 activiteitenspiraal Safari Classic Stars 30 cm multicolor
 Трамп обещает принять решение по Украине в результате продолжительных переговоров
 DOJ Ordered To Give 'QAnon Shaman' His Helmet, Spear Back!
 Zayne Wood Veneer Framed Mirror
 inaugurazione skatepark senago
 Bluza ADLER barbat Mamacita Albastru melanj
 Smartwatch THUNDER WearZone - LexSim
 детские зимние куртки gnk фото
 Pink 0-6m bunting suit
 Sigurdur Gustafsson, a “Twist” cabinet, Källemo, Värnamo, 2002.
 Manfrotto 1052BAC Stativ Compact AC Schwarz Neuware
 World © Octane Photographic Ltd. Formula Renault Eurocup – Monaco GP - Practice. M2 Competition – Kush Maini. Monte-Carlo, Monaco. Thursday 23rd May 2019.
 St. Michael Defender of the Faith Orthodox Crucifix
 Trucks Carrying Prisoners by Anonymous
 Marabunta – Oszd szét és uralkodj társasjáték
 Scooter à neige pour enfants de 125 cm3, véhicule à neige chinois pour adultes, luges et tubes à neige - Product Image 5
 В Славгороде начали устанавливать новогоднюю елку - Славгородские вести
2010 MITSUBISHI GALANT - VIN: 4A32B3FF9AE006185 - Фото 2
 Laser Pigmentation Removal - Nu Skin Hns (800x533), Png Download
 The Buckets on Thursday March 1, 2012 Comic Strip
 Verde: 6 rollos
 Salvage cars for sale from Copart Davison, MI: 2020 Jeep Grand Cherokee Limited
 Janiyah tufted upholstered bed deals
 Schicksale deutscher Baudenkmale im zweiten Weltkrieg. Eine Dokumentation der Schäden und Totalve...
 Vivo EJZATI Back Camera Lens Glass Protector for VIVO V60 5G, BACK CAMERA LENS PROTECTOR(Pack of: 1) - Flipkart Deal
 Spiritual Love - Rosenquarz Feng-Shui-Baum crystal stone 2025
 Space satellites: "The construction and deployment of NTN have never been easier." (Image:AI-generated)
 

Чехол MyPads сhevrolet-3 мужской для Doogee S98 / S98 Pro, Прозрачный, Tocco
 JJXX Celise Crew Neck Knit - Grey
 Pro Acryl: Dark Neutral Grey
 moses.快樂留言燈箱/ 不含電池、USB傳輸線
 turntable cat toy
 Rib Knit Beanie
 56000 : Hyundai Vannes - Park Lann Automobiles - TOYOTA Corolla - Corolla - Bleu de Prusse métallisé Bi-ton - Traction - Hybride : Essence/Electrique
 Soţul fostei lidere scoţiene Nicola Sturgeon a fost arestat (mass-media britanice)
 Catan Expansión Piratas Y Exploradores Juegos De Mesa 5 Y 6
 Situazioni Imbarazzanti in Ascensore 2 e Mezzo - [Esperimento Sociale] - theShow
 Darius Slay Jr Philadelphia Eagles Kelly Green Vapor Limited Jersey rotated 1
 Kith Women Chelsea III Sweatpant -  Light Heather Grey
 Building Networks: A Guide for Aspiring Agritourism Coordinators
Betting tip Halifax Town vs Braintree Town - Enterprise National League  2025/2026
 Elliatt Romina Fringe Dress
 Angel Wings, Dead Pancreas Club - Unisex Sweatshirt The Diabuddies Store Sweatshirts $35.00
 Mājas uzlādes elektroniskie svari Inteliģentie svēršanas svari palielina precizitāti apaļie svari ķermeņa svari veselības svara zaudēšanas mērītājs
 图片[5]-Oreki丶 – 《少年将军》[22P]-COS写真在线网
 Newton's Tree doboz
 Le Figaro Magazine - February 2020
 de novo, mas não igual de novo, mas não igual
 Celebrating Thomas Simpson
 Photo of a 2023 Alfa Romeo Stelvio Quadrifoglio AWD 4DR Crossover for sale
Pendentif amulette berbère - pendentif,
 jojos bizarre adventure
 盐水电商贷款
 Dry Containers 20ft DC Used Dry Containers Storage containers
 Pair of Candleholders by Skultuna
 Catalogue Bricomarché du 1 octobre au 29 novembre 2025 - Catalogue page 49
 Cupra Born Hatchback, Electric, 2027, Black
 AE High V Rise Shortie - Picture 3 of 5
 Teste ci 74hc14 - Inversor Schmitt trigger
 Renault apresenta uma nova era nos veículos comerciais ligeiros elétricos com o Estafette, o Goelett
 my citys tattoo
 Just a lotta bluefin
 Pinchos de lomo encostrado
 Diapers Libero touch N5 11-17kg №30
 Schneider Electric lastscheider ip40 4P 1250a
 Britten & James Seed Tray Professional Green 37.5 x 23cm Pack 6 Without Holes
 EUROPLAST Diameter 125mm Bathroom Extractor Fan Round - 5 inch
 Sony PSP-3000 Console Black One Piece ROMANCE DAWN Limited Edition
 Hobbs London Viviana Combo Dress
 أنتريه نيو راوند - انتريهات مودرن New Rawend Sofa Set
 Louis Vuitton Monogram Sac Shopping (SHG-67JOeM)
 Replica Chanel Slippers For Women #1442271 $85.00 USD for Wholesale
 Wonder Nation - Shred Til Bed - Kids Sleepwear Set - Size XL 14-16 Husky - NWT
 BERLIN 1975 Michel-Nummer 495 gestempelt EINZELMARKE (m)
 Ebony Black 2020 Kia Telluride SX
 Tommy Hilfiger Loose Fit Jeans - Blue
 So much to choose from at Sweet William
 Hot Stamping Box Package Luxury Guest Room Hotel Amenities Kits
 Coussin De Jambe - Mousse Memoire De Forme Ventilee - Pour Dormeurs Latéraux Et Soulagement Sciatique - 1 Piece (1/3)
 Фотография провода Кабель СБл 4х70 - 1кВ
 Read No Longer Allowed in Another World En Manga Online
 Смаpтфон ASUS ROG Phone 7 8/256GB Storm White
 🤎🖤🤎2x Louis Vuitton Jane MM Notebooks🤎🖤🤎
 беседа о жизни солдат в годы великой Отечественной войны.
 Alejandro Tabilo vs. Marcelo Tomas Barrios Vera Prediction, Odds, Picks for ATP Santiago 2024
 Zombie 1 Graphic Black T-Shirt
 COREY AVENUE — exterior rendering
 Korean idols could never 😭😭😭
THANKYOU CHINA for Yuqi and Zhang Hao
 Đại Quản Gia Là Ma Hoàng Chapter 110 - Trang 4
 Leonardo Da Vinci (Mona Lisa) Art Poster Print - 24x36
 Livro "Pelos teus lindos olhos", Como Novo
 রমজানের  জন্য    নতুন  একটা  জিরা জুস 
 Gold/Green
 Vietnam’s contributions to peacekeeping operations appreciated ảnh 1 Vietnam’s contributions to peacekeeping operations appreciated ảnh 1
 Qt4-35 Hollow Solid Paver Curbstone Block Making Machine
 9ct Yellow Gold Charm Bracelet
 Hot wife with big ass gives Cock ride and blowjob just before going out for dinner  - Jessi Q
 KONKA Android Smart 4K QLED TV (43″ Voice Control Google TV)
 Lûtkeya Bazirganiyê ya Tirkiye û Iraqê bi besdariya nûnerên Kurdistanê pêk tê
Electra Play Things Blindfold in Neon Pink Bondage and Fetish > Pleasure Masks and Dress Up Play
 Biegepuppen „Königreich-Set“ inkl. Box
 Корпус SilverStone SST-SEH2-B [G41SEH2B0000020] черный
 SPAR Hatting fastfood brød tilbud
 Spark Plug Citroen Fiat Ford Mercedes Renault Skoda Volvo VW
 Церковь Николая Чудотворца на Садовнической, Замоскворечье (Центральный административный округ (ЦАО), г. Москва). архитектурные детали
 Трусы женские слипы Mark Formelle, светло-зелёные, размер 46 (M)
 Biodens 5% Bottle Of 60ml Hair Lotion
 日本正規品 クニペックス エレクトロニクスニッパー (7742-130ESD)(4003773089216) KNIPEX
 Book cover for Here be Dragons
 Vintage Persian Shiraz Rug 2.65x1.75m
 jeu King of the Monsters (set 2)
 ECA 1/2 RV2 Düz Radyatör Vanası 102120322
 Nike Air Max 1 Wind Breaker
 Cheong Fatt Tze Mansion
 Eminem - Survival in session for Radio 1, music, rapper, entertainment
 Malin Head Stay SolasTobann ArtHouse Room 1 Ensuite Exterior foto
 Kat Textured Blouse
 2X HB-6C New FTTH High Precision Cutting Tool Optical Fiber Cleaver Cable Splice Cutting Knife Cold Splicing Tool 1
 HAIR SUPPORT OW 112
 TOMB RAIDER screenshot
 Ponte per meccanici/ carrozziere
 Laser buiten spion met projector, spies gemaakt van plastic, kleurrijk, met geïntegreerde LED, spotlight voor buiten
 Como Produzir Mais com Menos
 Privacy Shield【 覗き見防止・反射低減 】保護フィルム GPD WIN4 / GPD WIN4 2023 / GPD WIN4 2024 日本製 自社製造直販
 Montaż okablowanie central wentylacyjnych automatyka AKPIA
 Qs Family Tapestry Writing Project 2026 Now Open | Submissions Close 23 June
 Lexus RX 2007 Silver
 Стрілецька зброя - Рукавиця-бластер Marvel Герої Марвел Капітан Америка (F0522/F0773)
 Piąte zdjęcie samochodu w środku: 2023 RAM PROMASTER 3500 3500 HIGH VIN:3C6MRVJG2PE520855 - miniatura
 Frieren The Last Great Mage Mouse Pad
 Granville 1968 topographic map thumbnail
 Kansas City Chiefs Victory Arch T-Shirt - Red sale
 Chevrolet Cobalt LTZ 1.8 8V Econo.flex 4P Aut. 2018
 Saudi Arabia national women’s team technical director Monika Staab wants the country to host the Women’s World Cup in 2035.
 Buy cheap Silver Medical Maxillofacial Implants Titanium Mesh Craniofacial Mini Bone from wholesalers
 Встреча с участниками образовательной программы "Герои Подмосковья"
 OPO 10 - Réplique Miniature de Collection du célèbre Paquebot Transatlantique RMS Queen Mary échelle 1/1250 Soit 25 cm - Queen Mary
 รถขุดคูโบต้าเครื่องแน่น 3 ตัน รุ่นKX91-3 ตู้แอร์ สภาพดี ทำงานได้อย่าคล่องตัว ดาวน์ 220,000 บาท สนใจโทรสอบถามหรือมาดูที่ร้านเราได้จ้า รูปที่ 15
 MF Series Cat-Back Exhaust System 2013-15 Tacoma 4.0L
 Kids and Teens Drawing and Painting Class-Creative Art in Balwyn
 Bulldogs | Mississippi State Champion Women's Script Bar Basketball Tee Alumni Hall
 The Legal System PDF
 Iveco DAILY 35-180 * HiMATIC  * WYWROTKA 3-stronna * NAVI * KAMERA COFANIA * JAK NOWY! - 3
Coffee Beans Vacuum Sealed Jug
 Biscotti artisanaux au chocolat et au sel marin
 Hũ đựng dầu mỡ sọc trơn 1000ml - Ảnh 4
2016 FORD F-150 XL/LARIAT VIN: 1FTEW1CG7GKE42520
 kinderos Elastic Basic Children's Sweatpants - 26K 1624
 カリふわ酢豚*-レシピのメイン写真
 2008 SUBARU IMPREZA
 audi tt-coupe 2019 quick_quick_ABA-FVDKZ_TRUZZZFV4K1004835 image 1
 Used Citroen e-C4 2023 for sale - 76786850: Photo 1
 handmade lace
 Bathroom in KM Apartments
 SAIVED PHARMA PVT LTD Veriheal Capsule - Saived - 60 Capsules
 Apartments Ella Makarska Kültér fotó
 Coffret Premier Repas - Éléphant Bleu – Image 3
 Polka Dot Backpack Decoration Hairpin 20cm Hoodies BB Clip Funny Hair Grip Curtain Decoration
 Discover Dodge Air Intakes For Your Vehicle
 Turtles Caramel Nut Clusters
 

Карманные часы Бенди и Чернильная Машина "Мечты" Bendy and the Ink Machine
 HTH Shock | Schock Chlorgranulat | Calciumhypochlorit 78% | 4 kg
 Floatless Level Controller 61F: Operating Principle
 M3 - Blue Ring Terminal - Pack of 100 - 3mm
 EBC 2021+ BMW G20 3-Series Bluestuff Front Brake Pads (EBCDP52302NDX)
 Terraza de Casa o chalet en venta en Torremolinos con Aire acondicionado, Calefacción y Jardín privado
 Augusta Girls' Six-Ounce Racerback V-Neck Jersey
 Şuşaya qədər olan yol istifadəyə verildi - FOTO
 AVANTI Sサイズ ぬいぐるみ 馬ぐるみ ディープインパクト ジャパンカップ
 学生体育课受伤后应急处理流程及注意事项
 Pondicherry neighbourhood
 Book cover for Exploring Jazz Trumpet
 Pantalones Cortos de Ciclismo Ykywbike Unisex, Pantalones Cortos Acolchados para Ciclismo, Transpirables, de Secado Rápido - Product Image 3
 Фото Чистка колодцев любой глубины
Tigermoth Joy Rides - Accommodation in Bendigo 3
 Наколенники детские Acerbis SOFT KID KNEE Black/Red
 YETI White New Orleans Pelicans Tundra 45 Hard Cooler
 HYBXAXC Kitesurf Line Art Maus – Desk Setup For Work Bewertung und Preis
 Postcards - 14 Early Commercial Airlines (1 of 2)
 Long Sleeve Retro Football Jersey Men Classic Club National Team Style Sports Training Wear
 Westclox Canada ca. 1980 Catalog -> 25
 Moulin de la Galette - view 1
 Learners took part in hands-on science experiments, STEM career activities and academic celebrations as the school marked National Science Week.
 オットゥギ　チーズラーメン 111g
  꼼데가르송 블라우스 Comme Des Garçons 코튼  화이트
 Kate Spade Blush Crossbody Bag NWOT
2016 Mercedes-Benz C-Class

**TASK INSTRUCTIONS**.
Your task is to restate, word for word, only those lines above that fall between the line holding "Pendentif amulette berbère" and the line holding "Hot Stamping Box", inclusive.

**RESPONSE TO THIS TASK**.
Pendentif amulette berbère - pendentif,
 jojos bizarre adventure
 盐水电商贷款
 Dry Containers 20ft DC Used Dry Containers Storage containers
 Pair of Candleholders by Skultuna
 Catalogue Bricomarché du 1 octobre au 29 novembre 2025 - Catalogue page 49
 Cupra Born Hatchback, Electric, 2027, Black
 AE High V Rise Shortie - Picture 3 of 5
 Teste ci 74hc14 - Inversor Schmitt trigger
 Renault apresenta uma nova era nos veículos comerciais ligeiros elétricos com o Estafette, o Goelett
 my citys tattoo
 Just a lotta bluefin
 Pinchos de lomo encostrado
 Diapers Libero touch N5 11-17kg №30
 Schneider Electric lastscheider ip40 4P 1250a
 Britten & James Seed Tray Professional Green 37.5 x 23cm Pack 6 Without Holes
 EUROPLAST Diameter 125mm Bathroom Extractor Fan Round - 5 inch
 Sony PSP-3000 Console Black One Piece ROMANCE DAWN Limited Edition
 Hobbs London Viviana Combo Dress
 أنتريه نيو راوند - انتريهات مودرن New Rawend Sofa Set
 Louis Vuitton Monogram Sac Shopping (SHG-67JOeM)
 Replica Chanel Slippers For Women #1442271 $85.00 USD for Wholesale
 Wonder Nation - Shred Til Bed - Kids Sleepwear Set - Size XL 14-16 Husky - NWT
 BERLIN 1975 Michel-Nummer 495 gestempelt EINZELMARKE (m)
 Ebony Black 2020 Kia Telluride SX
 Tommy Hilfiger Loose Fit Jeans - Blue
 So much to choose from at Sweet William
 Hot Stamping Box Package Luxury Guest Room Hotel Amenities Kits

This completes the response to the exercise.